## Work to be completed
Leaving out all pictures, return exactly the lines from the one that contains "Baggu mini crescent green" through the end of the data below.

## Data provided
☆ ☆ ☆ ☆

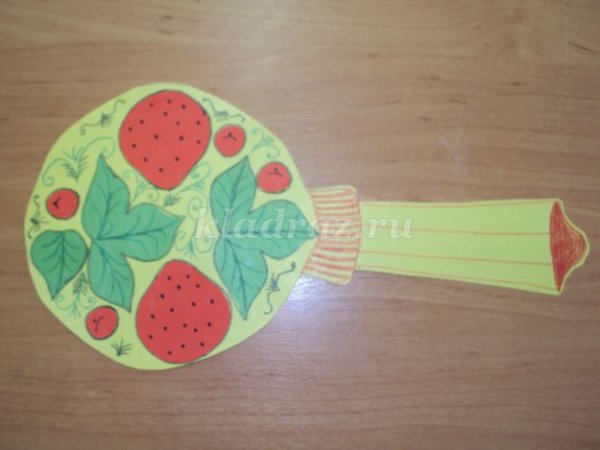 Аппликация в старшей группе Хохломская ложка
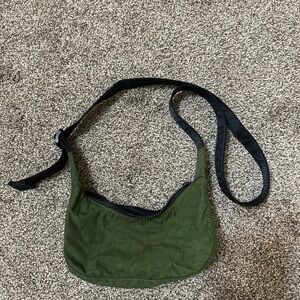 Baggu mini crescent green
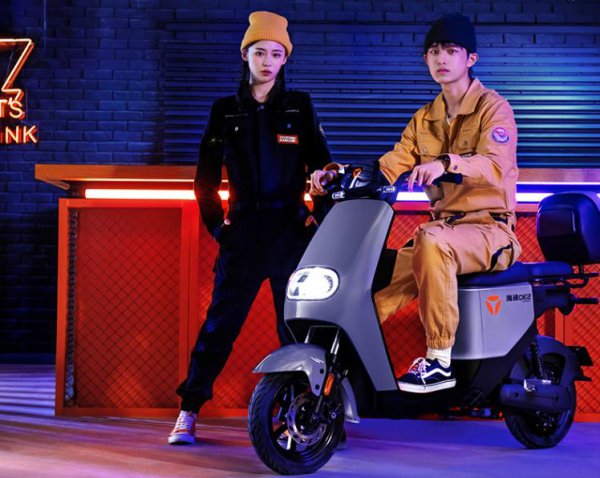 同价位买雅迪还是爱玛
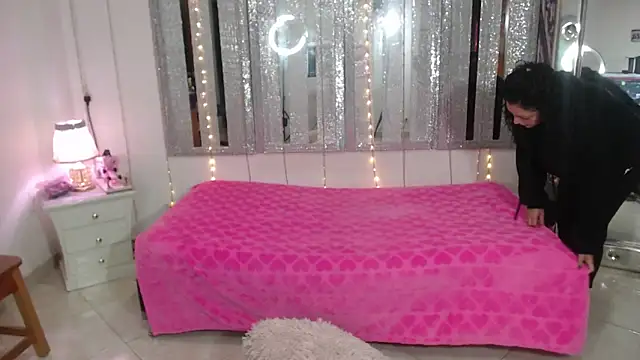 Snapshot of mijal_queen chatting on 02.08.25 mijal queen online show from 02.08.25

☆ ☆ ☆ ☆

## Solution to the exercise
 Baggu mini crescent green
 同价位买雅迪还是爱玛
 Snapshot of mijal_queen chatting on 02.08.25 mijal queen online show from 02.08.25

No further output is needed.